Are you an Age-Inclusive Employer?
A recent study by Indeed finds that as firms are battling to attract young talent with perks like happy hours, free food, and ping pong tables, they may unintentionally be creating an environment that alienates older workers.
The Bureau of Labor Statistics is predicting that 25 percent of workers will be at least 55 years old by 2019. While companies may be spending a lot of time and effort on cultural, religious, and gender-focused diversity initiatives, they seem to fall short of addressing generational differences.
So, how do you become age-inclusive?
One way to accomplish this is for HR and hiring managers to re-visit the language contained within job descriptions and advertisements. For example, Indeed recently eliminated the college degree requirement for most roles in their sales and client service functions. They believed that it would attract many qualified workers who may not have graduated from college but who still offer incredibly valuable work experience.
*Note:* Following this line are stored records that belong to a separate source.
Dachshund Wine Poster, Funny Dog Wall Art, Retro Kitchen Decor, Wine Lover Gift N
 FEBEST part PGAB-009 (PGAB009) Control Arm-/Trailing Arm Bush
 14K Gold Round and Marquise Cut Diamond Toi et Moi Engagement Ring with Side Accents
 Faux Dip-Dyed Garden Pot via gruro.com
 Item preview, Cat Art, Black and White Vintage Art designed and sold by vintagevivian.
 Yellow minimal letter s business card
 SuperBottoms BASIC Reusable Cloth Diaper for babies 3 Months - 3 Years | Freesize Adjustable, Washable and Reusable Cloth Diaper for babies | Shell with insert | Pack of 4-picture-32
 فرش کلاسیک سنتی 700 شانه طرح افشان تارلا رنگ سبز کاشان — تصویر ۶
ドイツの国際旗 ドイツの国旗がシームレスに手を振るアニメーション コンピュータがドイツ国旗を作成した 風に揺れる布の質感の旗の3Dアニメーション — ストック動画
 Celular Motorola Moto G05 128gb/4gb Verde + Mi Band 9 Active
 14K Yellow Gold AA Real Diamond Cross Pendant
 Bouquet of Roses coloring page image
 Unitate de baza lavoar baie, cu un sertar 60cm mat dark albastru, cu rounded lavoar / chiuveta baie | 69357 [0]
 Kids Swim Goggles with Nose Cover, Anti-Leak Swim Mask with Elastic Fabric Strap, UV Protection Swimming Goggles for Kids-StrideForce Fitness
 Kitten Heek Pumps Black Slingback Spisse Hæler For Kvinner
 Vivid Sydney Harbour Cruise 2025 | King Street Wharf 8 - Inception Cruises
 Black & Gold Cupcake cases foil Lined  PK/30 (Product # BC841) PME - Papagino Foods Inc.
Beyond the hiring process, age-inclusion can be infused in your array of benefit options and cultural initiatives. While younger workers may rank volunteer programs as an important company attribute, older workers may want more family time and prefer flexible work arrangements. Younger workers may be thinking more about day care, while older workers may be thinking more about about elder care. Check out this infographic to see how different generations have diverse recognition preferences and valued benefits.
Given that the older generation brings diverse and valuable perspectives & experiences to the workplace, and that they will soon makeup a quarter of the workforce, employers should show that they value their older generation of workers by creating a culture that is age-inclusive.